- **Records provided**
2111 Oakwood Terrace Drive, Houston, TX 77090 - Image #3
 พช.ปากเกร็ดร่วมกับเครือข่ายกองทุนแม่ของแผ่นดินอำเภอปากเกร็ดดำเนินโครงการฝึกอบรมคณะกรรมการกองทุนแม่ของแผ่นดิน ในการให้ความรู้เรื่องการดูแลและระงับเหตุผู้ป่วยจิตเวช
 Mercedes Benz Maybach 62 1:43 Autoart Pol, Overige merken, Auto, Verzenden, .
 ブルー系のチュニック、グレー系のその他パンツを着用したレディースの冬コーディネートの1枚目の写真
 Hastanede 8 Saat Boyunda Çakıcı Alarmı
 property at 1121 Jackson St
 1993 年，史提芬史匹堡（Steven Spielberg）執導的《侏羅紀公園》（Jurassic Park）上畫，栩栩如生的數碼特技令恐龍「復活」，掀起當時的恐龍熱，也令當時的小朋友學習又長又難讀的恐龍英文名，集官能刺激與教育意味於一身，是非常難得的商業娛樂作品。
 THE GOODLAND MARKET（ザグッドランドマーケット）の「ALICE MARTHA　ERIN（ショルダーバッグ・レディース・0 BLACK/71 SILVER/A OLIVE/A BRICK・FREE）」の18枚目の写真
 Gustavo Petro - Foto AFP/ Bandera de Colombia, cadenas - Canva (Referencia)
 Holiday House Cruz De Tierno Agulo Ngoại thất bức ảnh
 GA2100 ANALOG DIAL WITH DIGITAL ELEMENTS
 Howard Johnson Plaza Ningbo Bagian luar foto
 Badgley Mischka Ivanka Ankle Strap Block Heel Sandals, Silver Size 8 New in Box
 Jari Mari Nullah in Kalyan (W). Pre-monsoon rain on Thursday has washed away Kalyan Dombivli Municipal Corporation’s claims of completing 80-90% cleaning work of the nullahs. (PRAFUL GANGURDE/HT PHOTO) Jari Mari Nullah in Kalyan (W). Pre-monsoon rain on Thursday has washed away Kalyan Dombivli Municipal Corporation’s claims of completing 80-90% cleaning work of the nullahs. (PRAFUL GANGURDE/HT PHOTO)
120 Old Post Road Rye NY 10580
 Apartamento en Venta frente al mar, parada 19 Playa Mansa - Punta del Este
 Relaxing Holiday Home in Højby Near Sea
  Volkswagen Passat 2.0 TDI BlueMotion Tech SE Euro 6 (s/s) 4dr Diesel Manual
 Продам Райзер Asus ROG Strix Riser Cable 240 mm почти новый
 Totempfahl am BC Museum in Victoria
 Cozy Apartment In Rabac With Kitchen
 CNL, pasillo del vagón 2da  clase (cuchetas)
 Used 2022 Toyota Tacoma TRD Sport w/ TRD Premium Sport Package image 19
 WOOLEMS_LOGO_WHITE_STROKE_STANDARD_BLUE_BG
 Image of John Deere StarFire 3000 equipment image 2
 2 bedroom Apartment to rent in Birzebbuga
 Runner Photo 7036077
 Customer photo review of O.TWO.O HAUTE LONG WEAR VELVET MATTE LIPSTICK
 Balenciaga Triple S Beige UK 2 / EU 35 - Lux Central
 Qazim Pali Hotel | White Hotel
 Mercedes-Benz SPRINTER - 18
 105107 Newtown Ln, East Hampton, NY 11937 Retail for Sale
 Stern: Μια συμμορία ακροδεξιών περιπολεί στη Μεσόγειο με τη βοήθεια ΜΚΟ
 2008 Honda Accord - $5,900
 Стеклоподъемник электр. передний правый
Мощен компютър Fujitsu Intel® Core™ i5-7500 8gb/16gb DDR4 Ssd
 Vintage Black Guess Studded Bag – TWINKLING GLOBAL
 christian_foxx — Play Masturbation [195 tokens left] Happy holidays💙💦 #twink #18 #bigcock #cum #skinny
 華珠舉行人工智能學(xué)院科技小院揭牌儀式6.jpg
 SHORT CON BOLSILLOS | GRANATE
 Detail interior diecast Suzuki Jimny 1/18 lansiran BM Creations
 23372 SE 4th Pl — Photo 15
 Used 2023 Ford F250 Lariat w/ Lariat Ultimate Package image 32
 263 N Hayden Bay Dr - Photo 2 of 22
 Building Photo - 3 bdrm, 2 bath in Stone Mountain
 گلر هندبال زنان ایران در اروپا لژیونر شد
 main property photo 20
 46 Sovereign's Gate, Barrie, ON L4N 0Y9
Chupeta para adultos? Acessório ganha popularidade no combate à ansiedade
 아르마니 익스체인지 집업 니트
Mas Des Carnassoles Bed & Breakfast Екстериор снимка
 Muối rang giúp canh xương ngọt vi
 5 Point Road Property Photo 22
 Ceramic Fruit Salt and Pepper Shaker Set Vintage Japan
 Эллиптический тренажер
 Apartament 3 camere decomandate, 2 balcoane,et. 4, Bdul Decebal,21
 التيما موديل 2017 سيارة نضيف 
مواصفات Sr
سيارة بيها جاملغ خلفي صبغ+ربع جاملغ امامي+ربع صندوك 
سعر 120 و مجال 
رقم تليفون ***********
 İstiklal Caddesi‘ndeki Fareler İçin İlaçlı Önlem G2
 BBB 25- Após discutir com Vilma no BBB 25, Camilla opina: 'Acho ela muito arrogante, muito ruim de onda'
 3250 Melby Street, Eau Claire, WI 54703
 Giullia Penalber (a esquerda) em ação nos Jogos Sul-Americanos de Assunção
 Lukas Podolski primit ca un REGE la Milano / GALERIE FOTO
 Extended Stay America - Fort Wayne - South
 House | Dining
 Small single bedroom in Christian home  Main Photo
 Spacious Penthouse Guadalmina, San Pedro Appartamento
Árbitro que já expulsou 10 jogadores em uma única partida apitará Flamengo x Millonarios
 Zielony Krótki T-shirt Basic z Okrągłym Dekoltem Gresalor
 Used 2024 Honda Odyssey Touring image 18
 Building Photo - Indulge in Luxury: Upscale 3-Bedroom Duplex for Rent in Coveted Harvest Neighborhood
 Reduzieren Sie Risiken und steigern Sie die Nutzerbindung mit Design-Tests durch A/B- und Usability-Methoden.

- **Exercise instructions**
Please give an exact copy of the lines above, beginning with the line containing "BBB 25- Após" and running through the line containing "Árbitro que já", and of no other lines.

- **Answer for the task**
 BBB 25- Após discutir com Vilma no BBB 25, Camilla opina: 'Acho ela muito arrogante, muito ruim de onda'
 3250 Melby Street, Eau Claire, WI 54703
 Giullia Penalber (a esquerda) em ação nos Jogos Sul-Americanos de Assunção
 Lukas Podolski primit ca un REGE la Milano / GALERIE FOTO
 Extended Stay America - Fort Wayne - South
 House | Dining
 Small single bedroom in Christian home  Main Photo
 Spacious Penthouse Guadalmina, San Pedro Appartamento
Árbitro que já expulsou 10 jogadores em uma única partida apitará Flamengo x Millonarios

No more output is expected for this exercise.